Assigned task:
Only the lines below from the one with "Pheriche-village-at-night-with-clouds-rolling" through the one with "En eller flere" are to be written out, exactly and without any images.

Supplied records:
—————

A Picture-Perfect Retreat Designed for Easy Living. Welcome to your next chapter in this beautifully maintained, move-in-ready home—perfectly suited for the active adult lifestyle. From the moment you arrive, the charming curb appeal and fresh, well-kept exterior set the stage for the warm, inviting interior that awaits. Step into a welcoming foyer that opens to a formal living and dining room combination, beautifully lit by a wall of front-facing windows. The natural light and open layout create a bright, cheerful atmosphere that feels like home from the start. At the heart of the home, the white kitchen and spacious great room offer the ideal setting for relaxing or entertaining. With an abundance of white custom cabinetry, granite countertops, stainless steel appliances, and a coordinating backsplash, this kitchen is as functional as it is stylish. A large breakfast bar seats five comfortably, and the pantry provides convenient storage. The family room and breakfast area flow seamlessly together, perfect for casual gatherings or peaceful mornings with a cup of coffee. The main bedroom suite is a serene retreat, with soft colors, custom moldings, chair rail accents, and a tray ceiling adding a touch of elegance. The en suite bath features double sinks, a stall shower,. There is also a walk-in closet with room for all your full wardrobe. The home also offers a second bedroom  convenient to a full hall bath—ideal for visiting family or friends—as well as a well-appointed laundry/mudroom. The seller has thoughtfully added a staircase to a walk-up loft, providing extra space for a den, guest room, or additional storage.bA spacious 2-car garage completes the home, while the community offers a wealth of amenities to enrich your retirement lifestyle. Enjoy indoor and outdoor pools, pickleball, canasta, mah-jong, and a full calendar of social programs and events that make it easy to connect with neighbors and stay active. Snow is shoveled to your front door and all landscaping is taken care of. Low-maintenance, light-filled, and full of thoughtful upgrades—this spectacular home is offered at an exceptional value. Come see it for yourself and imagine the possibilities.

—————

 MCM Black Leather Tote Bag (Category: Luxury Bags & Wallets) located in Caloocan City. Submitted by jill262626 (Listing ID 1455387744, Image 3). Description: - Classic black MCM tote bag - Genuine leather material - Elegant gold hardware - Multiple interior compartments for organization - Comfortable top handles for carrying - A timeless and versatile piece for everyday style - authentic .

—————

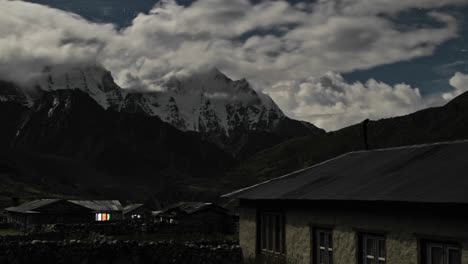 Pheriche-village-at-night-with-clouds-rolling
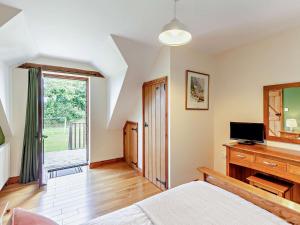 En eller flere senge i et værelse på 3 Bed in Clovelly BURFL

—————

Expected answer:
 Pheriche-village-at-night-with-clouds-rolling
 En eller flere senge i et værelse på 3 Bed in Clovelly BURFL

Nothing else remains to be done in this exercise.